§ Brief
The answer must consist solely of the lines below starting at the one containing "Used Dongfeng Fengon" and ending at the one containing "Used 2025 Honda Pilot EX-L image 14", repeated exactly, with both ends included and all pictures omitted.

§ Provided records
*** Block opens ***
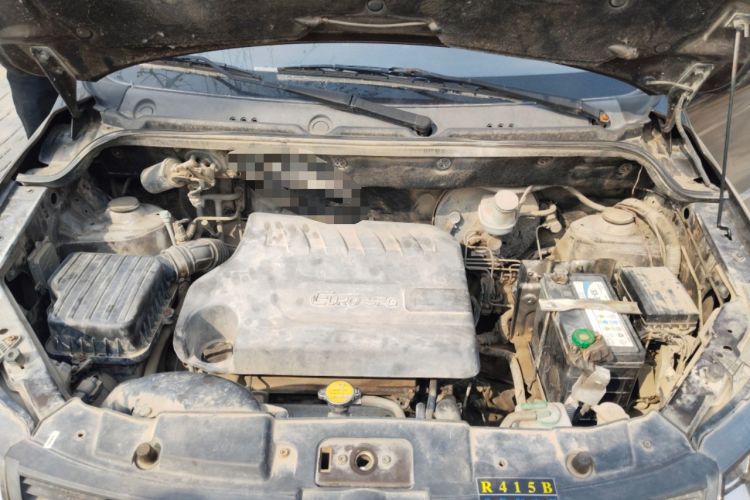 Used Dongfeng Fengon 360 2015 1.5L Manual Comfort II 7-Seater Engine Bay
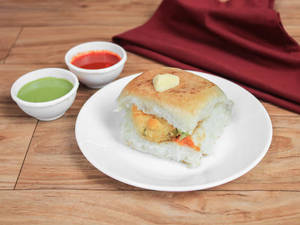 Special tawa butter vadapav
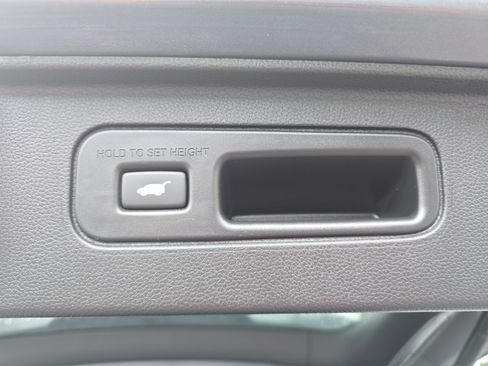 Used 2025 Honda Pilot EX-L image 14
*** Block closes ***
*** Block opens ***
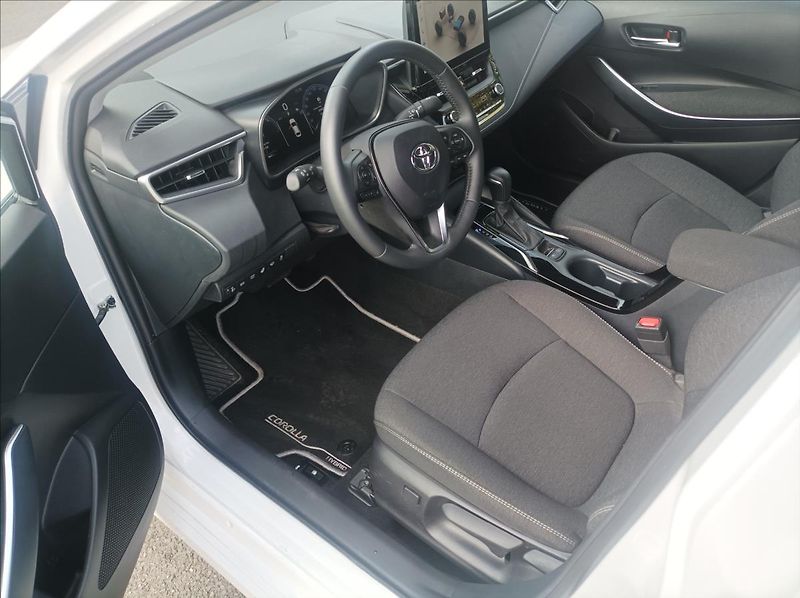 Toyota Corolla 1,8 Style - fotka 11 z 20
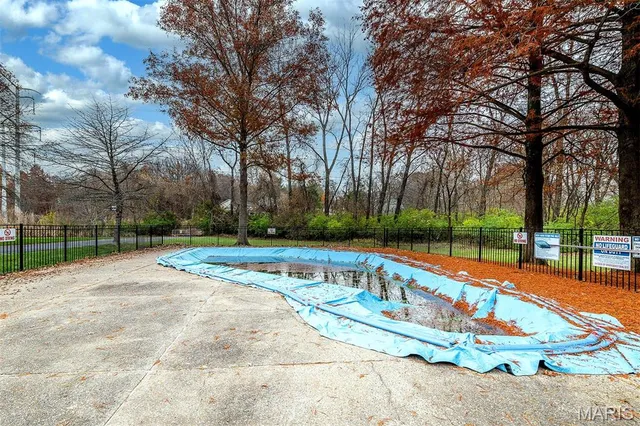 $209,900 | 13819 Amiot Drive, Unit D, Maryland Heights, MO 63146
*** Block closes ***
*** Block opens ***
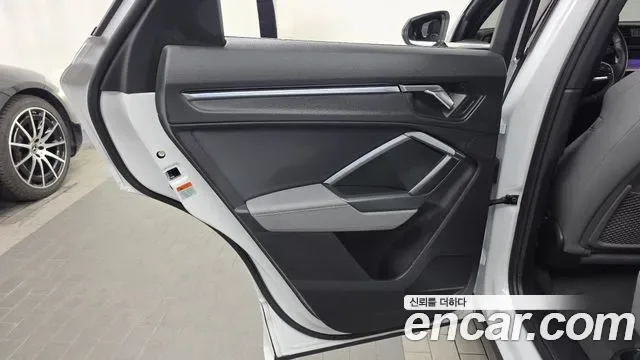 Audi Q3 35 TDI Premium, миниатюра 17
*** Block closes ***
§ Exercise solution
 Used Dongfeng Fengon 360 2015 1.5L Manual Comfort II 7-Seater Engine Bay
 Special tawa butter vadapav
 Used 2025 Honda Pilot EX-L image 14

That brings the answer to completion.